Jos Buttler says he had to find the belief to turn things around after thinking he was set to be dropped by England earlier this summer.
Buttler’s place was in question during the first Test against Pakistan after a number of wicket keeping mistakes.
“I’ve questioned myself in the last few weeks, but found a really good headspace to hang in there,” he said.
It was not until the third Test against West Indies earlier in the summer that Buttler ended a run of seven matches without a half-century.
In the following Test, the first against Pakistan, he dropped two catches and missed a stumping, only to then pull off some fourth-innings heroics with the bat.
With England 117-5, Buttler made 75, combining with Chris Woakes to help the home side to their target of 277.

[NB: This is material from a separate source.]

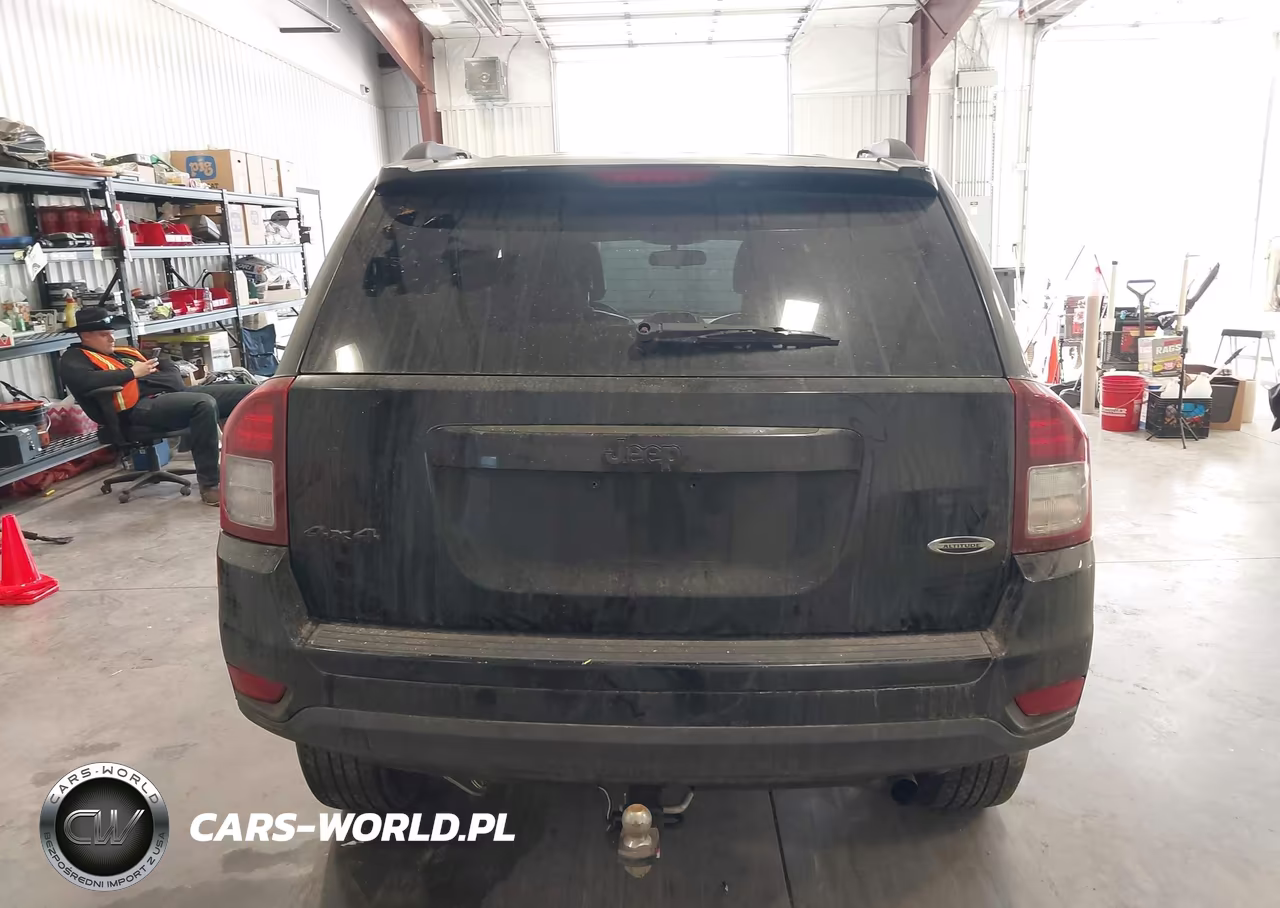 2015 Jeep Compass Altitude Edition VIN:1C4NJDBB6FD323785 - 16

At the time he admitted his keeping had not been good enough, but his batting was taken to another level during the third Test at Ageas Bowl, when Buttler registered his second Test ton and highest first-class score.
The Lancashire man combined with Zak Crawley, who stroked a magnificent 267, in a partnership of 359, England’s highest fifth-wicket stand of all time.
“A couple of games ago I was probably thinking I was about to get dropped,” added Buttler.
“A positive outlook and a belief I can do good things has really served me well.
“You’re never really that far away from good things or bad things happening. When it gets good you’ve got to stay very level and know you have to keep working hard because things can change fast.”
Buttler, 29, and Crawley helped England to 583-8 declared, their highest Test total in more than four years.
James Anderson then bowled beautifully to reduce Pakistan to 24-3 after two days in Southampton.
“England have played the best two days of Test match cricket that I’ve seen for a long, long time,” said former captain Michael Vaughan. “It’s been high class and attritional.
“The past five or six years, England haven’t had that mentality of grinding opposition into the dirt. This is the first time I have seen it, and that is a great sign.”
Buttler is renowned for his devastating batting in limited-overs cricket, but his innings in Southampton was built on patience.
He played a supporting role to the elegant Crawley, at one stage going almost 38 overs without hitting a boundary.
“Jos Buttler played a pure Test-match innings,” added Vaughan, who led England to their famous Ashes triumph of 2005.
“We’re used to him crashing it around, but he was happy to let Crawley play the bigger strokes.
“That’s a sign of a batsman maturing at this level. I liked the fact he got to a hundred and didn’t give it away.”